__What you will do__: Reproduce the entries exactly.

┌──

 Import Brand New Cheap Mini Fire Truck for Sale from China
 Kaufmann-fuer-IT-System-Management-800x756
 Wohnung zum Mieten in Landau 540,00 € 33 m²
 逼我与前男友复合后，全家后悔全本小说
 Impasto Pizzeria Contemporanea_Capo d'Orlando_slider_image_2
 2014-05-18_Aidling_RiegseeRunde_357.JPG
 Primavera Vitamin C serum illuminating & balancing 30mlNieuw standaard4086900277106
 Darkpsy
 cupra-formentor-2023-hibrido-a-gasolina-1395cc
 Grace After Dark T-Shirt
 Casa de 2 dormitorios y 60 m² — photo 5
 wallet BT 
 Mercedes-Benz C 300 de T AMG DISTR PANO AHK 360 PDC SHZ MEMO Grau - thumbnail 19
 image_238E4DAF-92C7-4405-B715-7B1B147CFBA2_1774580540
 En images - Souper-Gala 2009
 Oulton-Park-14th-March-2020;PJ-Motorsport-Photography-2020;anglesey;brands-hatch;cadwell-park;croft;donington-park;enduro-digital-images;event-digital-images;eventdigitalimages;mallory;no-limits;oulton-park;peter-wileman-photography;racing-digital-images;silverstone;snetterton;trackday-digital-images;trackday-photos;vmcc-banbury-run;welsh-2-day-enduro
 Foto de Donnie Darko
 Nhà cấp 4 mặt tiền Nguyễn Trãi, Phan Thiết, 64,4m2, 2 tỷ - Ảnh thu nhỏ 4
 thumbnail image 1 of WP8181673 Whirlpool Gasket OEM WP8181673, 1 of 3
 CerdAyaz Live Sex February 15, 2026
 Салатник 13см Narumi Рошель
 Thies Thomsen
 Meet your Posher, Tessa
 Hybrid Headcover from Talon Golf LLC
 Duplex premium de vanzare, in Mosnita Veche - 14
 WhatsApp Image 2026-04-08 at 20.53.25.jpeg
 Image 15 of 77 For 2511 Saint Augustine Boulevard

└──

__Task result__:
 Import Brand New Cheap Mini Fire Truck for Sale from China
 Kaufmann-fuer-IT-System-Management-800x756
 Wohnung zum Mieten in Landau 540,00 € 33 m²
 逼我与前男友复合后，全家后悔全本小说
 Impasto Pizzeria Contemporanea_Capo d'Orlando_slider_image_2
 2014-05-18_Aidling_RiegseeRunde_357.JPG
 Primavera Vitamin C serum illuminating & balancing 30mlNieuw standaard4086900277106
 Darkpsy
 cupra-formentor-2023-hibrido-a-gasolina-1395cc
 Grace After Dark T-Shirt
 Casa de 2 dormitorios y 60 m² — photo 5
 wallet BT 
 Mercedes-Benz C 300 de T AMG DISTR PANO AHK 360 PDC SHZ MEMO Grau - thumbnail 19
 image_238E4DAF-92C7-4405-B715-7B1B147CFBA2_1774580540
 En images - Souper-Gala 2009
 Oulton-Park-14th-March-2020;PJ-Motorsport-Photography-2020;anglesey;brands-hatch;cadwell-park;croft;donington-park;enduro-digital-images;event-digital-images;eventdigitalimages;mallory;no-limits;oulton-park;peter-wileman-photography;racing-digital-images;silverstone;snetterton;trackday-digital-images;trackday-photos;vmcc-banbury-run;welsh-2-day-enduro
 Foto de Donnie Darko
 Nhà cấp 4 mặt tiền Nguyễn Trãi, Phan Thiết, 64,4m2, 2 tỷ - Ảnh thu nhỏ 4
 thumbnail image 1 of WP8181673 Whirlpool Gasket OEM WP8181673, 1 of 3
 CerdAyaz Live Sex February 15, 2026
 Салатник 13см Narumi Рошель
 Thies Thomsen
 Meet your Posher, Tessa
 Hybrid Headcover from Talon Golf LLC
 Duplex premium de vanzare, in Mosnita Veche - 14
 WhatsApp Image 2026-04-08 at 20.53.25.jpeg
 Image 15 of 77 For 2511 Saint Augustine Boulevard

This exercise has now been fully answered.